LMT: Longitudinal Mixing Training, a Framework to Predict Disease Progression from a Single Image

Rachid Zeghlache,Pierre-Henri Conze,Mostafa El Habib Daho,Yihao Li,Hugo Le boite,Ramin Tadayoni,Pascal Massin,Béatrice Cochener,Ikram Brahim,Gwenolé Quellec,Mathieu Lamard

Longitudinal imaging is able to capture both static anatomical structures and dynamic changes in disease progression toward earlier and better patient-specific pathology management. However, conventional approaches rarely take advantage of longitudinal information for detection and prediction purposes, especially for Diabetic Retinopathy (DR). In the past years, Mix-up training and pretext tasks with longitudinal context have effectively enhanced DR classification results and captured disease progression. In the meantime, a novel type of neural network named Neural Ordinary Differential Equation (NODE) has been proposed for solving ordinary differential equations, with a neural network treated as a black box. By definition, NODE is well suited for solving time-related problems. In this paper, we propose to combine these three aspects to detect and predict DR progression. Our framework, Longitudinal Mixing Training (LMT), can be considered both as a regularizer and as a pretext task that encodes the disease progression in the latent space. Additionally, we evaluate the trained model weights on a downstream task with a longitudinal context using standard and longitudinal pretext tasks. We introduce a new way to train time-aware models using $t_{mix}$, a weighted average time between two consecutive examinations. We compare our approach to standard mixing training on DR classification using OPHDIAT a longitudinal retinal Color Fundus Photographs (CFP) dataset. We were able to predict whether an eye would develop a severe DR in the following visit using a single image, with an AUC of 0.798 compared to baseline results of 0.641. Our results indicate that our longitudinal pretext task can learn the progression of DR disease and that introducing $t_{mix}$ augmentation is beneficial for time-aware models.

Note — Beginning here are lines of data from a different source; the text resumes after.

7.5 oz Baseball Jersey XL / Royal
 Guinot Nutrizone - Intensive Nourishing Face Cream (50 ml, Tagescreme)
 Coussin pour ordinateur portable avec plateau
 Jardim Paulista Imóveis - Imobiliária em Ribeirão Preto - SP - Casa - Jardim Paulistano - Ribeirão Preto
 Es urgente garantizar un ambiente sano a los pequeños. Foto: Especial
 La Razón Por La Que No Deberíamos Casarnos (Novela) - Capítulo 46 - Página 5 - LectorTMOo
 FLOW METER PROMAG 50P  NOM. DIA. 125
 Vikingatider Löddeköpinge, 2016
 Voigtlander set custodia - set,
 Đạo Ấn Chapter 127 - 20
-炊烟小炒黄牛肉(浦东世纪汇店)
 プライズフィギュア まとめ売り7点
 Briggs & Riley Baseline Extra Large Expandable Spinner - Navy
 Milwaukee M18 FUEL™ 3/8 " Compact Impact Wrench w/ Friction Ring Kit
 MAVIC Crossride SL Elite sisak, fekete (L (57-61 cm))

翻译：摘要：纵向影像学能够同时捕捉静态解剖结构和疾病进展中的动态变化，有助于更早、更好地对患者进行个体化病理管理。然而，传统方法很少利用纵向信息进行检测与预测，尤其是在糖尿病视网膜病变（DR）领域。近年来，利用纵向背景的混合训练与预任务有效提升了DR分类结果并捕获了疾病进展。与此同时，一种新型神经网络——神经常微分方程（NODE）被提出，用于求解常微分方程，其中神经网络被视为黑箱模型。从定义上看，NODE特别适用于解决与时间相关的问题。本文提出结合上述三个方面来检测和预测DR进展。我们的框架——纵向混合训练（LMT），既可作为正则化器，也可作为在潜在空间中编码疾病进展的预任务。此外，我们在下游任务中利用标准预任务和纵向预任务，对带有纵向背景的模型权重进行了评估。我们引入了一种新的方法，通过使用$t_{mix}$（两次连续检查之间的加权平均时间）来训练时间感知模型。我们使用纵向视网膜彩色眼底照片（CFP）数据集OPHDIAT，将本方法与标准混合训练在DR分类任务上进行了比较。利用单张图像，我们能够预测眼睛是否会在下一次随访中发展为重度DR，AUC达到0.798，而基线结果仅为0.641。我们的结果表明，纵向预任务可以学习DR疾病的进展，且引入$t_{mix}$增强对于时间感知模型是有益的。